Managing Pods | Cluster Administration | OpenShift Container Platform 3.4

Overview
Managing Pod Networks
- Joining Project Networks
Isolating Project Networks
- Making Project Networks Global
Limiting Run-once Pod Duration
- Configuring the RunOnceDuration Plug-in
- Specifying a Custom Duration per Project
Controlling egress Traffic
- Using an egress Firewall to Limit Access to External Resources
- Using an egress Router to Allow External Resources to Recognize Pod Traffic
Limiting the Bandwidth Available to Pods
Setting Pod Disruption Budgets

Overview

This topic describes the management of pods, including managing their networks, limiting their run-once duration, and limiting what they can access, and how much bandwidth they can use.

Managing Pod Networks

When your cluster is configured to use the ovs-multitenant SDN plug-in, you can manage the separate pod overlay networks for projects using the administrator CLI. See the Configuring the SDN section for plug-in configuration steps, if necessary.

Joining Project Networks

To join projects to an existing project network:

$ oadm pod-network join-projects --to=<project1> <project2> <project3>

In the above example, all the pods and services in <project2> and <project3> can now access any pods and services in <project1> and vice versa.

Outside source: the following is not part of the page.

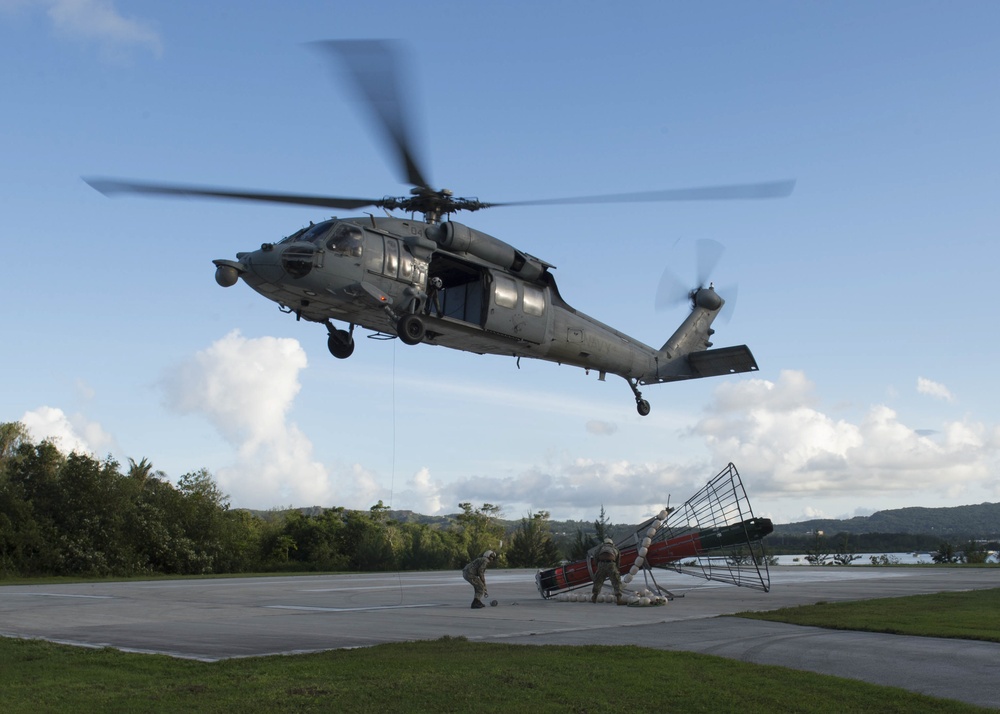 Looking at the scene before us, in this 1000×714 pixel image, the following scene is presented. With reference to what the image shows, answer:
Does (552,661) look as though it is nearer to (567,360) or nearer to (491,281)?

Alternatively, instead of specifying specific project names, you can use the --selector=<project_selector> option.

Isolating Project Networks

To isolate the project network in the cluster and vice versa, run:

$ oadm pod-network isolate-projects <project1> <project2>

In the above example, all of the pods and services in <project1> and <project2> can not access any pods and services from other non-global projects in the cluster and vice versa.

Alternatively, instead of specifying specific project names, you can use the --selector=<project_selector> option.

Making Project Networks Global

To allow projects to access all pods and services in the cluster and vice versa:

$ oadm pod-network make-projects-global <project1> <project2>

In the above example, all the pods and services in <project1> and <project2> can now access any pods and services in the cluster and vice versa.

Alternatively, instead of specifying specific project names, you can use the --selector=<project_selector> option.

Limiting Run-once Pod Duration

OpenShift Container Platform relies on run-once pods to perform tasks such as deploying a pod or performing a build. Run-once pods are pods that have a RestartPolicy of Never or OnFailure.

The cluster administrator can use the RunOnceDuration admission control plug-in to force a limit on the time that those run-once pods can be active. Once the time limit expires, the cluster will try to actively terminate those pods. The main reason to have such a limit is to prevent tasks such as builds to run for an excessive amount of time.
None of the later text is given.